Since the existing grounds and method for cancellations were introduced, the FCA-regulated population has expanded, such that the FCA now regulates approximately 59,000 firms. Under the current cancellation process, it can take considerable time for the FCA to build its evidential case that the firm is no longer carrying out authorised activity, even when it is likely that the firm is no longer doing so. That means that there is a delay between the firms being identified as inactive by the FCA, and the FCA being able to remove or vary their authorisation.
The FCA estimates that at any point in time, the number of firms no longer carrying on FCA-regulated activities but which have not sought cancellation to their authorisation is about 300 to 400. Although that is a small proportion of the 59,000 FCA-regulated population that I mentioned, the Government nevertheless consider that it creates a risk, particularly in regard to the financial services register. Fraudsters can take advantage of inaccuracies in the register to their benefit by cloning inactive firms to scam consumers. That involves impersonating a firm that is on the register to give people the impression that they are dealing with a regulated entity.
What is the interaction between that register and the Companies House register? If we removed an inactive business from one register, it would make sense to remove it from the other.
As far as I am aware, the Companies House register is a separate entity run from the Department for Business, Energy and Industrial Strategy. A considerable amount of work is going on at the moment to look at how the data around Companies House registration works, reflecting concerns raised in the December 2018 Financial Action Task Force report. The hon. Lady makes a very reasonable point about the alignment of the two registers, and I will need to come back to her on that matter. Clearly, it would be perverse to remove an FCA-registered entity but not have a forfeit of registration from Companies House. I shall write to the Committee and to the hon. Lady on that matter.

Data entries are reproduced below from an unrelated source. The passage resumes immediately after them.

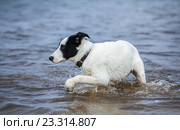 Щенок боится воды. Первое купание. Стоковое фото, фотограф Абрамова Ксения / Фотобанк Лори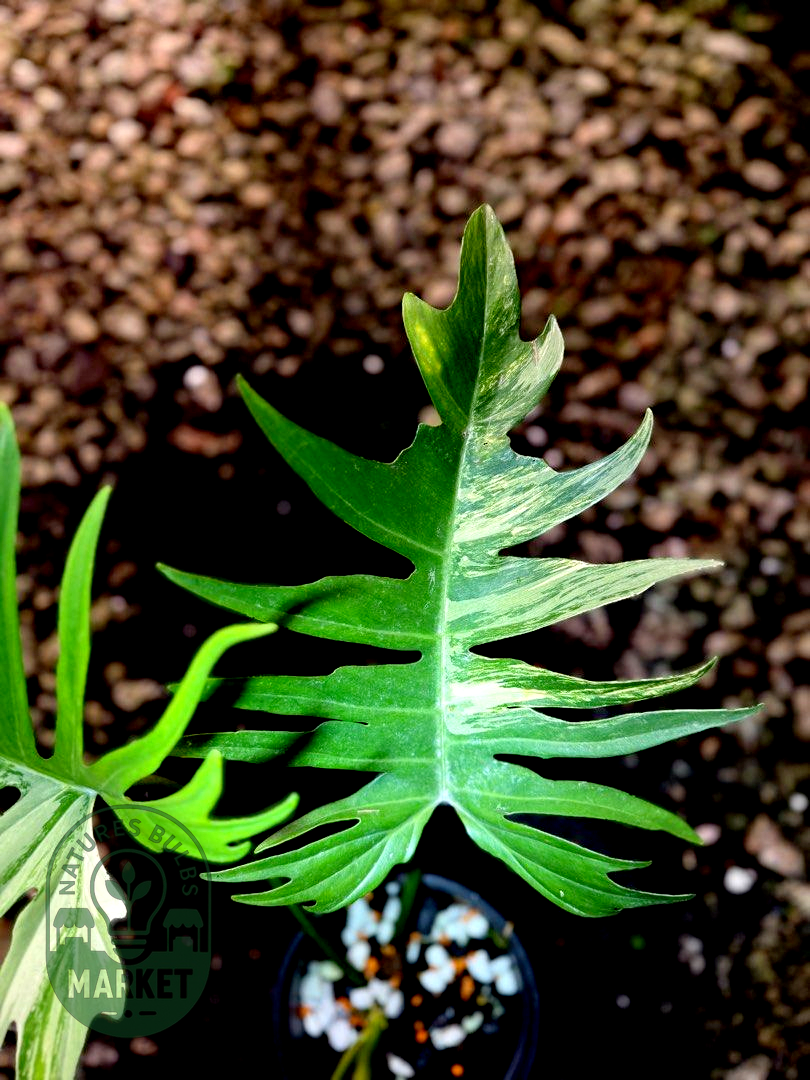 Philodendron Florida Beauty × Tortum Hybrid Variegated "Flotum"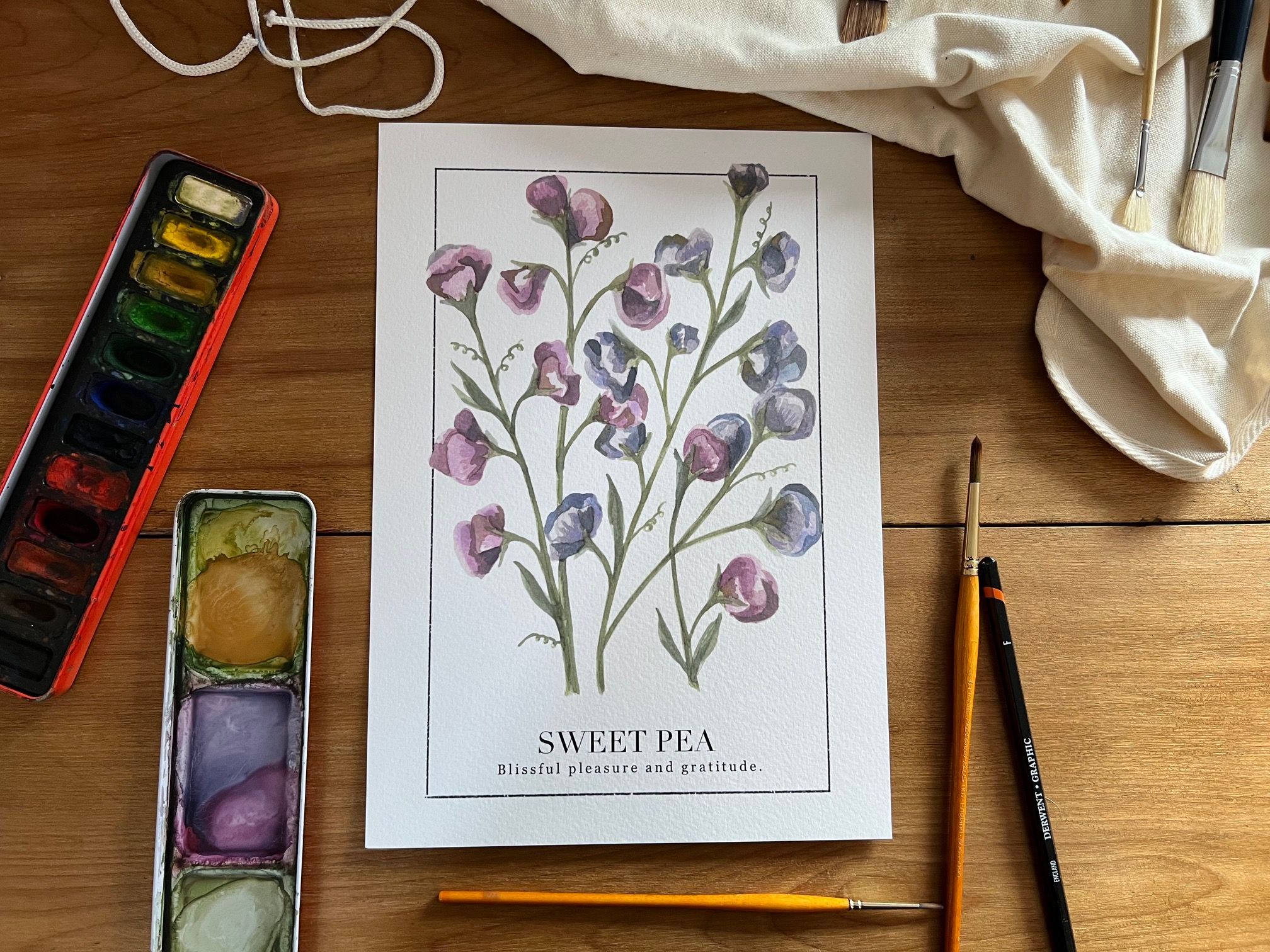 Sweet Pea 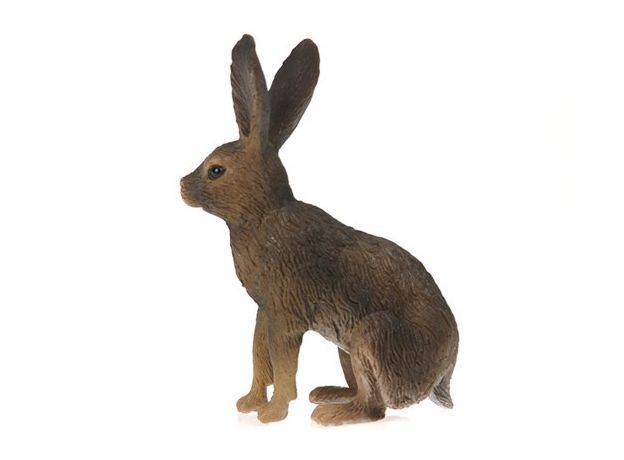 خرگوش صحرایی, image 2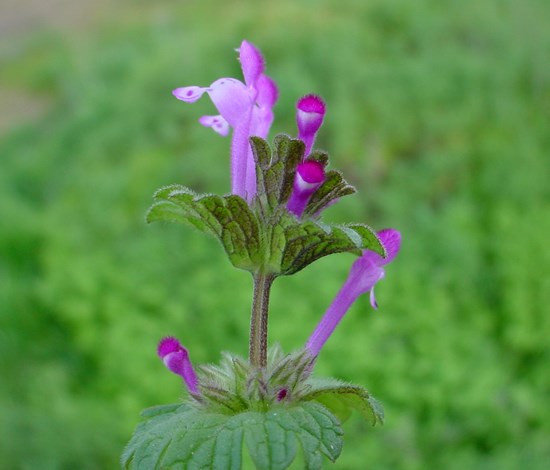 Lamium Amplexicaule, henbit, flowers closeup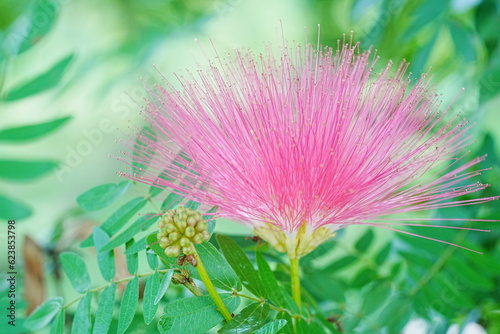 The Mimosa Tree is a stunning show of flower bursts  which are often compared to starbursts or fireworks. This small to medium-sized fast growing Mimosa Tree displays the most beautiful pink flowers i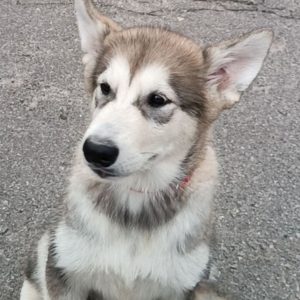 Mia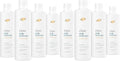 Dove Moisturizing Shampoo for Dry Hair 12 oz Pack of 8 - Daily Hydrating & Nourishing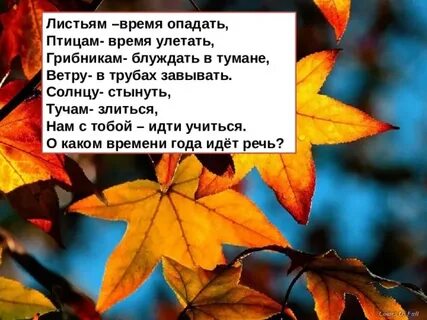 Осень листва стихи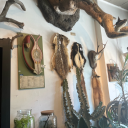 punkprincess77 avatar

I want to ensure that consumers can take informed financial services decisions. To achieve that, we need to ensure that the financial services register is accurate and that consumers are not exposed to unnecessary risk. This new process will sit alongside the existing process, to allow the FCA to streamline cases in which it suspects that a firm is no longer carrying on an authorised activity, enabling the FCA to more quickly cancel the firm’s authorisation and update the financial services register accordingly. In cases in which the FCA is looking to cancel a firm’s authorisation for another reason, this will continue to pass through the existing process.

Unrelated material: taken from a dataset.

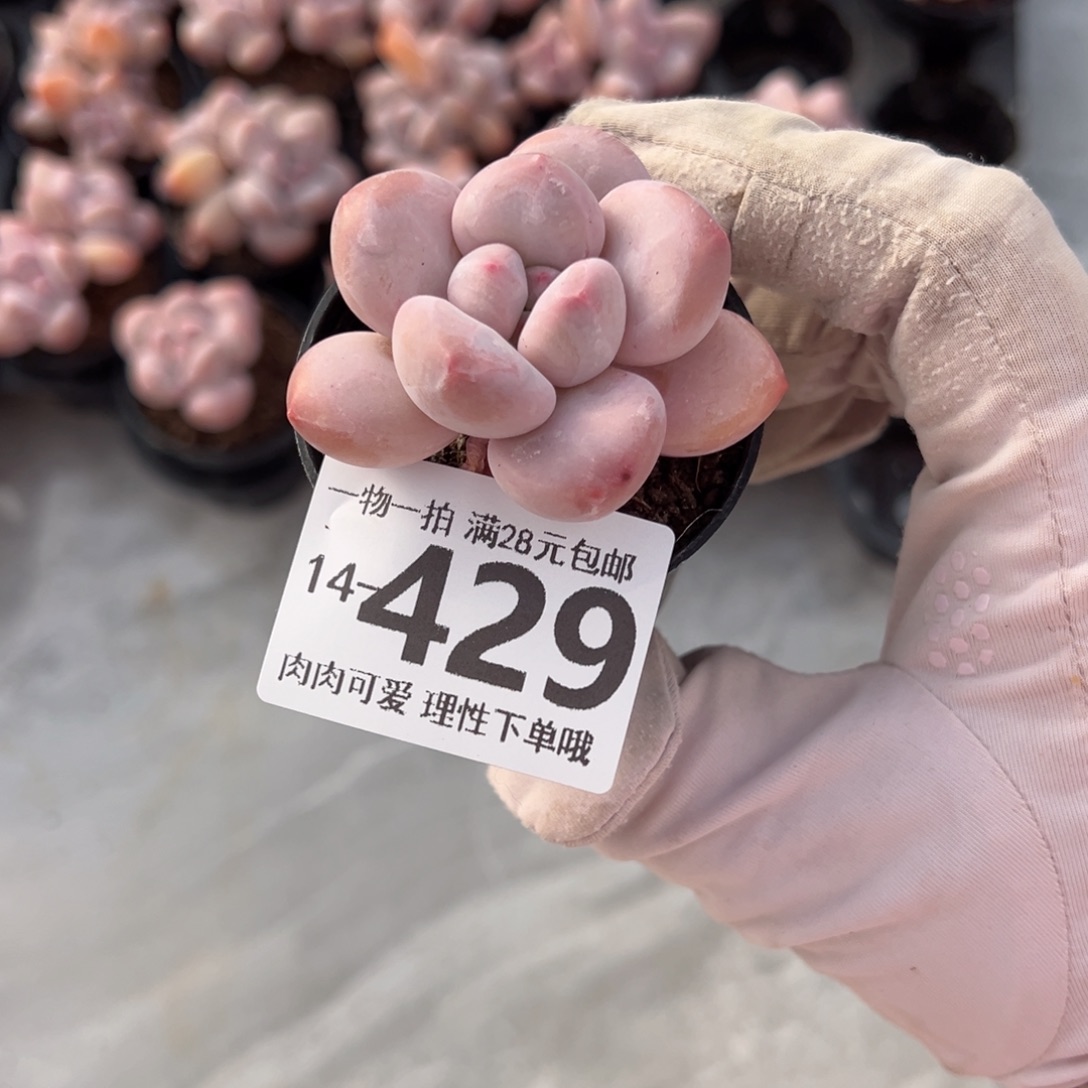 香水奶多肉多肉多肉多肉多肉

I therefore recommend that this clause stand part of the Bill.
I suspect that I am going to follow up on the question from the hon. Member for Glasgow Central. As the Minister has explained, the problem that this clause and schedule are intended to resolve is dormant companies that no longer do the things that they were doing when originally registered with the FCA. Regulation is sometimes described as a needle-in-a-haystack problem, because there are so many companies and there is so much going on. Okay, it is not a massive number; it is 300 or 400 among 59,000 companies, but if we can strip those out, we make the job of the regulator that little bit easier because it is monitoring fewer companies and there is less danger of the cloning activity that the Minister described.

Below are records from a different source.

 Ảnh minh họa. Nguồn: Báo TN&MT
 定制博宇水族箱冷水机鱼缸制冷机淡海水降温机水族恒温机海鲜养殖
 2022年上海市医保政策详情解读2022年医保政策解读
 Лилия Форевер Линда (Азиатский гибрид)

However, this does prompt a question: if 59,000 companies are regulated by the FCA and some 4 million to 5 million are registered with Companies House—we will come on to this under other clauses shortly—surely the process that the Minister has just outlined for clause 28 and schedule 11 should apply to companies there, if we find that they are simply paper organisations that may be designed as much to deceive as to actually carry out any business. Where they are engaged in activities that they should not be, they should be taken off the register, too, but that would of course imply a change in job description for Companies House. It has traditionally regarded itself more as a register and library rather than a real regulator or what might be called a partner in law enforcement. Therefore, can the Minister at least—he will hear this more than once today—talk to colleagues in BEIS to encourage a parallel approach with Companies House? It seems to me that what is being done in clause 28 is sensible, but it is only part of the picture of clamping down on illegal activity.
The point here is that clearly a business could be registered at Companies House, could historically have done regulated activity under the FCA and that regulated activity could have ceased; it may have other business activities that are completely compliant with Companies House law, but it should not be registered for doing financial services regulated activity. The question would then be this: what would be the obligation on Companies House to make an interaction so that, as the right hon. Gentleman said, the definition of its activities would be amended?
Obviously, there are complex legal issues here. This is associated with the review that BEIS will be coming back to, responding to. I think it is important that we acknowledge that issue about not doing a regulated activity but continuing to trade legally in other realms. But the point that I hear and recognise needs to be clarified is this: what is the interaction between the two processes? I undertake to examine that and to make clear to my colleagues in BEIS what the risks are and what the view of this Committee is.